Si vous n’êtes pas à la table de l’action climatique, vous serez au menu : vous serez mangé tout cru par la compétition, vous serez abandonné par vos clients et, pire, vous serez abandonné par votre main-d’œuvre !
Jean-Michel Champagne, responsable du développement durable à HEC Montréal

Selon ce baromètre, une majorité de travailleurs québécois se disent aussi plus motivés à choisir une entreprise responsable comme employeur. Étant donné le contexte actuel de pénurie de main-d’œuvre dans la province, c’est un facteur crucial à prendre en compte, souligne Jean-Michel Champagne, qui lance un avertissement aux dirigeants d’entreprises encore récalcitrants à la réduction des GES à leurs stratégies d’affaires : « Si vous n’êtes pas à la table de l’action climatique, vous serez au menu : vous serez mangé tout cru par la compétition, vous serez abandonné par vos clients et, pire, vous serez abandonné par votre main-d’œuvre! »

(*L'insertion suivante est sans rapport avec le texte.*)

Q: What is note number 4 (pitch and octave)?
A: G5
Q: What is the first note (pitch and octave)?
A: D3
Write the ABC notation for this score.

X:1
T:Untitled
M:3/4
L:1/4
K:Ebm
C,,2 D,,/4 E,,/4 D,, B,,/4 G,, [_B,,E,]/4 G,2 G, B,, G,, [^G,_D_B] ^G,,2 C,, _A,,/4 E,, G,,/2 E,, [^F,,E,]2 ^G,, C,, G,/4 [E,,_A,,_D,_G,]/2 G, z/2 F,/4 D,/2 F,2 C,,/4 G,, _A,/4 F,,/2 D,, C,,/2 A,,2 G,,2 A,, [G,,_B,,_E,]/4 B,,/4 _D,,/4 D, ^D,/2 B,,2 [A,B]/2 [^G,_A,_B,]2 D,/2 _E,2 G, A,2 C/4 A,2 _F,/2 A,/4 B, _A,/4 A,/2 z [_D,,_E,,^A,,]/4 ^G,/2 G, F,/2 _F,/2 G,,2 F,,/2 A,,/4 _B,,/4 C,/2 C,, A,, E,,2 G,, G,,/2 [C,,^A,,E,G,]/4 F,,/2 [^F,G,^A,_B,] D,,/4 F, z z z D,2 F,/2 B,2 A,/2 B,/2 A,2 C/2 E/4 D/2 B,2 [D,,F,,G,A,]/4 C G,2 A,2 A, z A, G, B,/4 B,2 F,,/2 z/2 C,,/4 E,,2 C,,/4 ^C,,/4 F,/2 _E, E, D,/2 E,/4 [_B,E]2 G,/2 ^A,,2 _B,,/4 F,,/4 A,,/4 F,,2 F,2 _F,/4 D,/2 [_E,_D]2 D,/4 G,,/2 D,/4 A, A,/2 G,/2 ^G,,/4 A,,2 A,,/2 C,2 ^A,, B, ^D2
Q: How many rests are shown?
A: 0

À son avis, les nombreuses PME québécoises exportatrices doivent se montrer particulièrement prudentes. « Alors que les grandes entreprises prennent le virage de la décarbonation, ce n’est pas le cas des PME. Or, si les produits fabriqués ici ont une plus grande empreinte carbone, ils ne seront pas compétitifs sur le marché international parce que les partenaires internationaux veulent décarboner leurs opérations aussi. Donc, même si un produit est concurrentiel sur le plan économique, il pourrait bientôt ne plus l’être sur le plan du carbone. Cette nouvelle donne menace les exportations. »

Le chargé de cours en RSE cite l’exemple de la pétrolière Shell qui se désengage des sables bitumineux dans le but de réduire l’effet sur le climat de ses produits pétroliers. « Elle veut désormais mettre ses œufs là où le pétrole a l’empreinte carbone la plus faible, et non là où le pétrole est le moins cher. Même chose pour la pétrolière BP, qui vise la carboneutralité en 2050. »

Une décennie décisive

Les prochaines années ne seront pas de tout repos pour enrayer la crise climatique qui, pour le moment, est éclipsée par la crise sanitaire. « La pandémie nous bloque peu la vue sur cette question environnementale qui est pourtant numéro un dans l’agenda mondial. La relance doit absolument être verte », souligne Corinne Gendron.

L’année 2022 sera charnière dans la lutte aux changements climatiques, fait remarquer Me David Heurtel, notamment avec la divulgation, cinq ans plus tard, des « bulletins » des États signataires de l’Accord de Paris. Ces documents, appelés « contributions nationales déterminées », détailleront les efforts d’atténuation auxquels les pays s’engagent pour contribuer aux objectifs du traité.

Parallèlement, la divulgation croissante des risques climatiques et leur prise en compte dans les décisions d’affaires, de même que l’envol de la finance durable qui soutient la transition énergétique, forcent les bonnes pratiques en matière de lutte aux changements climatiques. De l’avis de Me David Heurtel, les critères d’investissement ESG [pour environnement, société et de gouvernance, NDLR] sont d’ailleurs « la concrétisation de la responsabilité sociale des entreprises ».

Reste qu’une épée de Damoclès plane au-dessus des grands émetteurs de GES : l’augmentation du prix à payer pour émettre une tonne d’éq. CO2, qui passera de 20 $ actuellement à 170 $ d’ici à 2030 au Canada, et possiblement aussi au Québec si la province n’atteint pas ses objectifs de réduction de GES. « Certaines entreprises pourraient alors subir une augmentation monstrueuse de leurs frais d’exploitation », signale Jean-Michel Champagne. Une facture salée qui, par ricochet, pourrait bien être refilée à l’ensemble des consommateurs.